10. Ceza Dairesi 2016/2090 E. , 2016/2084 K.
"İçtihat Metni"Mahkeme : ... Ağır Ceza Mahkemesi
Suç : Uyuşturucu madde ticareti yapma
Hüküm : Mahkûmiyet
Temyiz incelemesi, müdafiinin isteği üzerine duruşmalı olarak yapıldı.
Dosya incelendi.
GEREĞİ GÖRÜŞÜLÜP DÜŞÜNÜLDÜ :
1- Gizli soruşturmacı ancak TCK"nın 220. maddesinin birinci fıkrasında tanımlanan "örgüt kurma" ve "örgütü yönetme" suçları ile örgüt faaliyeti çerçevesinde işlenmiş olması şartıyla 139. maddede sınırlı olarak sayılan diğer suçlar için görevlendirilebilir.
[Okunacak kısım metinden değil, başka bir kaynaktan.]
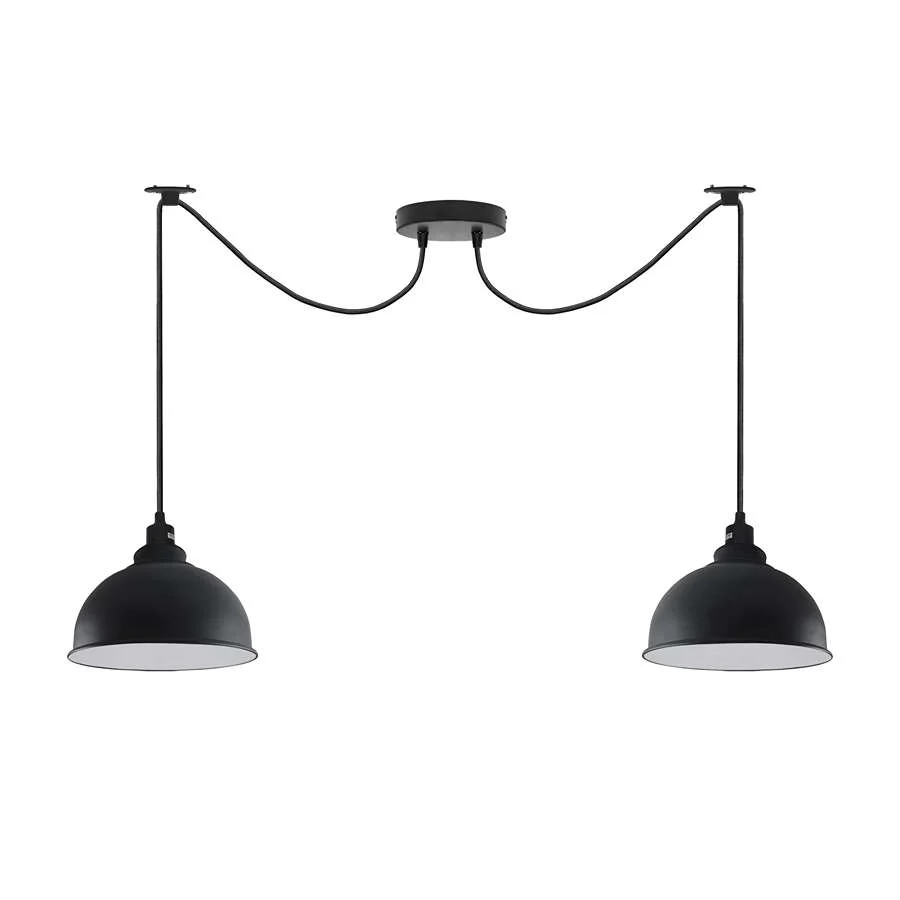 Black industrial style 2 head pendant ceiling light with adjustable cables and dimmer switch hanging from ceiling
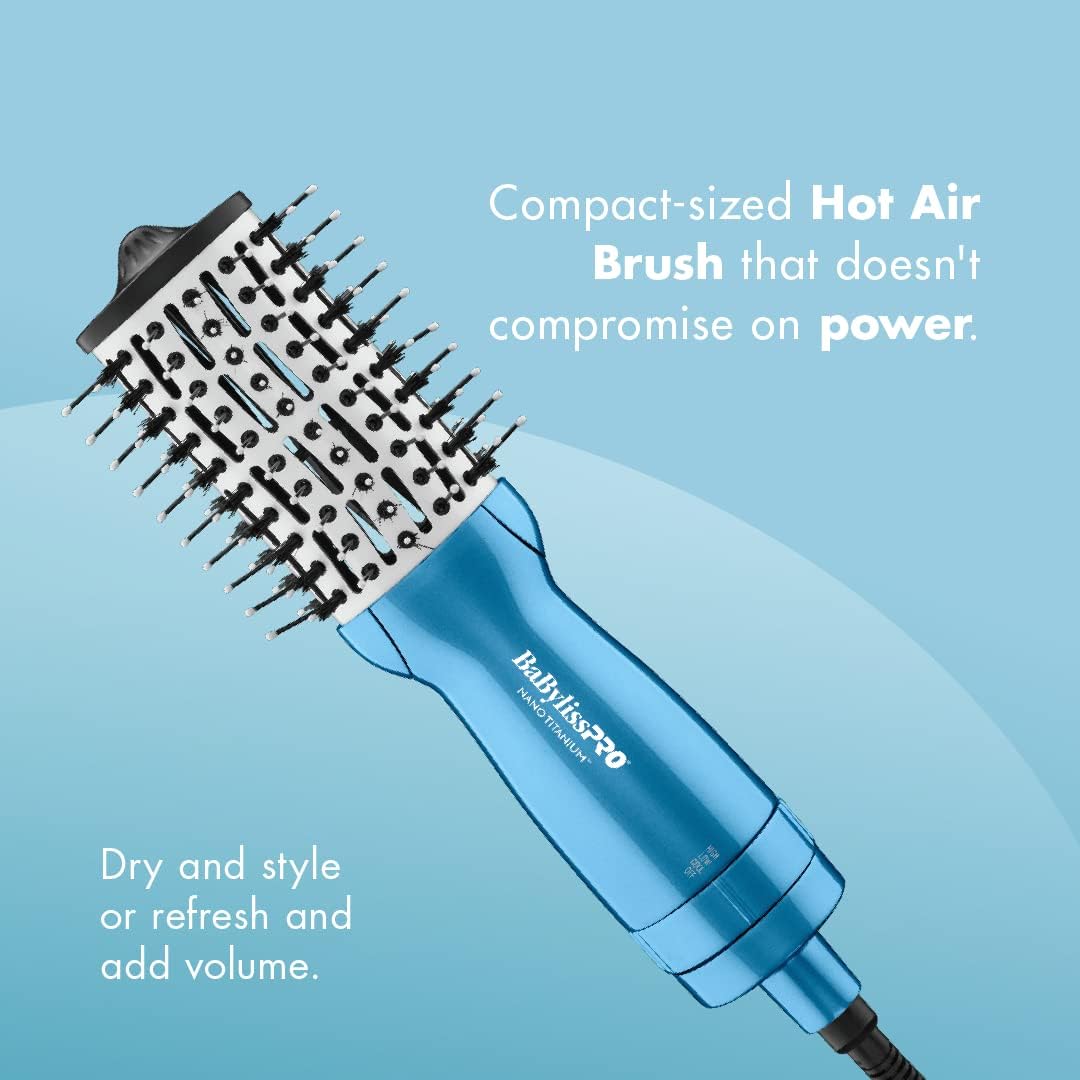 BaBylissPRO Nano Titanium 2-Inch compact hot air brush digital controls for precise heat and speed.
Bunlar dışındaki suçlar nedeniyle görevlendirilen gizli soruşturmacı "adlî kolluk görevlisi" ise kollukla ilgili kanunlar ile CMK"daki hükümlerde yer alan genel yetkisi ve görevi kapsamında olmak üzere, Cumhuriyet savcısının sözlü veya yazılı emirleri doğrultusunda delil toplayabilir. Bu nitelikte topladığı deliller hukuka uygundur. Bu nedenle, örgütlü olmayan suçlar için gizli soruşturmacı olarak görevlendirilen ve adlî kolluk görevlisi olan kişinin statüsü "adlî kolluk görevlisidir."
Adlî kolluk görevlisi tarafından düzenlenen rapor ve/veya tutanak dışında, sanığın mahkûmiyetine yeterli ve kesin delil yoksa ve sanık bu tutanak ve/veya rapora itiraz etmiş ise, adlî kolluk görevlisi tanık olarak dinlenmelidir. Adlî kolluk görevlisi, diğer tanıklar gibi kimlikleri gizlenmeden dinlenmelidir.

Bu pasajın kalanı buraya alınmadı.